Larry Bucciarelli finds bees extremely interesting insects. He should know, he first started keeping bees when he was a kid. He learned the ins and outs from his grandfather who raised bees at his home in Fort Lee. Larry went to college at the University of Hawaii and in exchange for keeping on eye on their 70 hives (it would take a full week to extract the honey from the hives) he got free tuition. “Because it was the tropics, they produced triple the amount of honey that you would get here,” Larry says. “I would extract the honey three or four times a year.”

Larry has hives here in Palisades and at his upstate home. In the spring there can be about 3,000 bees in a hive and in mid summer the bee population in a hive can increase to over 50-60,000 bees depending on the strength of the hive. The queen bee produces as many as 2,000 eggs a day.
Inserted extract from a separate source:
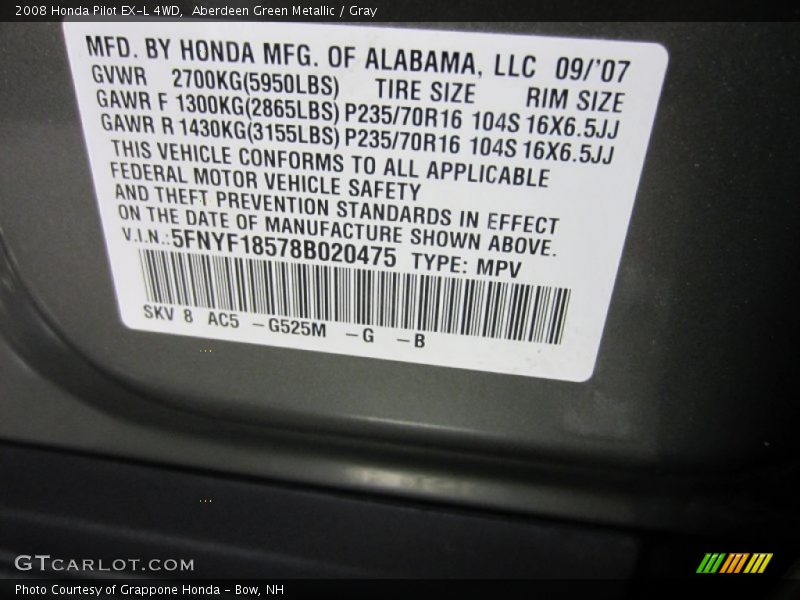 Aberdeen Green Metallic / Gray 2008 Honda Pilot EX-L 4WD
It seems the poor female worker bees get a raw deal. Depending on their age, they act as nurses to the young and attendants to the queen, forage for pollen, fan the nectar to make honey, guard the entrance and clean and ventilate the hive. Only one lucky male drone gets to fertilize the queen, which takes place in flight. The rest sit around on their laurels. Guess that’s why there are considerably more females than males.

Bees have personalities; some are gentle while other varieties are vicious. “Killer bees that started in South America have entered the U.S. and are mating with honey bees. Their offspring are producing a lot of honey,” Larry relates. No need to worry about them heading our way though, it’s too cold for them. Cold weather has a lot to do with the amount of honey produced. “Last year because of the extremely cold winter I lost my hives,” Larry recounts. Worker bees cluster around the queen over the winter forming a ball. It needs to be 92 degrees for the queen bee to survive.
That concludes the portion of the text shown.